Deux phénomènes remarquables se produisent dans la plupart des économies avancées. D’une part, l’inflation demeure très faible. D’autre part, et à l’exception des États-Unis, la participation au marché du travail des plus de 55 ans a considérablement augmenté. Nous montrons dans Mojon and Ragot (2018) que cette évolution du marché du travail a pesé sur l’inflation.
Coté inflation, la reprise post 2013 n’a toujours pas ramené l’inflation à sa moyenne pré-crise. L’inflation demeure faible dans la zone euro, au Japon, aux États-Unis et dans presque tous les pays de l’OCDE, le Royaume-Uni faisant exception. Les taux inflation "core", du déflateur du PIB ou des coûts unitaires du travail, c’est à dire la différence entre les hausses de salaire et la croissance de la productivité du travail, sont tous plus proche de 1% que de 2%, leur point d’ancrage avant la crise.
Dans le cas de la zone euro, c’est d’autant plus surprenant que plus de 7 millions d’emplois ont été créés depuis la sortie de récession en 2013. Aussi, certains observateurs, dont The Economist, dans son édition du 1 novembre 2017, concluent que la Courbe de Phillips "est devenue obsolète". Cela alors même que les estimations économétriques rejettent tout aplatissement significatif de la courbe de Phillips depuis les années 1980 (Rue de la Banque No. 56, février 2018).

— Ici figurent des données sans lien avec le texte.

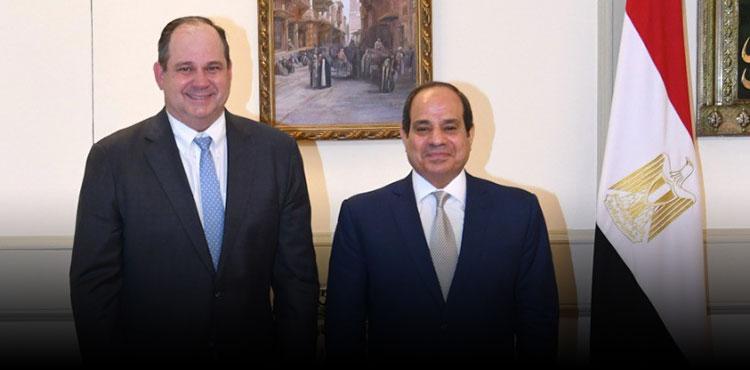 Sisi Discusses Cooperation Opportunities with Apache CEO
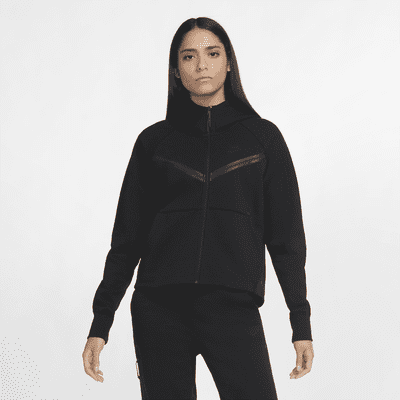 Sudadera con gorro de cierre completo mujer Nike Sportswear Fleece Windrunner. Nike.com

Coté démographie, les baby-boomers approchent de l’âge de la retraite et leur participation au marché du travail a considérablement augmenté (Cahuc, Hairault and Prost, 2016). Ainsi, 6 des 7 millions d‘emplois créés dans la zone euro depuis 2013 le sont pour des travailleurs de plus de 50 ans. Le taux de participation des travailleurs âgés de 55 à 64 ans a augmenté de 33% à 55% en moyenne dans l’OCDE depuis vingt ans. En Allemagne, ce taux est passé de 40% jusqu’en 2003 à 72% en 2016. Ce phénomène frappe quasiment tous les pays de l’OCDE a l’exception des États-Unis où la participation des plus de 55 ans au marché du travail a cessé de croitre depuis 5 ans.
Cette transformation majeure de la force de travail coïncide, et pourrait en fait être le résultat des réformes des régimes de retraite ou de l’évolution des normes sociétales sur le travail des femmes. Ces évolutions favorisent le financement des retraites. Cependant, elles sont aussi susceptibles d’influencer la dynamique des salaires et l’inflation.
Davantage de travailleurs âgés désireux de rester actifs représentent un choc d’offre de travail, qui peut peser sur les salaires et les coûts unitaires. Mojon and Ragot (2018) montrent que l’inflation salariale demeure très sensible à ces déterminants traditionnels dont le taux de chômage. Dans une estimation en panel sur les pays du G7, une baisse du taux de chômage de 1% augmente l’inflation salariale de 0,5%. Cependant, l’augmentation du taux de participation des 55-64 ans au marché du travail pèse significativement sur les salaires. Comme l’illustre la Figure 1 pour les pays du G7, les pays où ce taux de participation a le plus augmenté depuis 2013, comme l’Italie, la France et le Japon, sont aussi ceux où les coûts unitaires du travail ont le moins augmenté.
Nos estimations économétriques, reportées dans Mojon and Ragot (2018), montrent qu’une hausse de 10% du taux de participation des 55-64 ans, par exemple de 40 à 50%, induit, dans un panel de pays du G7, une baisse de l’inflation salariale de 0,3%.
D’une certaine façon, il est surprenant que les tensions sur le marché du travail ne soient pas résumées par le taux de chômage. Nos estimations indiquent que l’offre de travail des plus de 55 ans serait différente de celle des autres travailleurs. Cette différence pourrait venir du fait que, dans les années qui précèdent leur retraite, ces travailleurs donnent plus d’importance à rester dans leur emploi, sans doute pour améliorer leur retraite, qu’à augmenter leur salaire.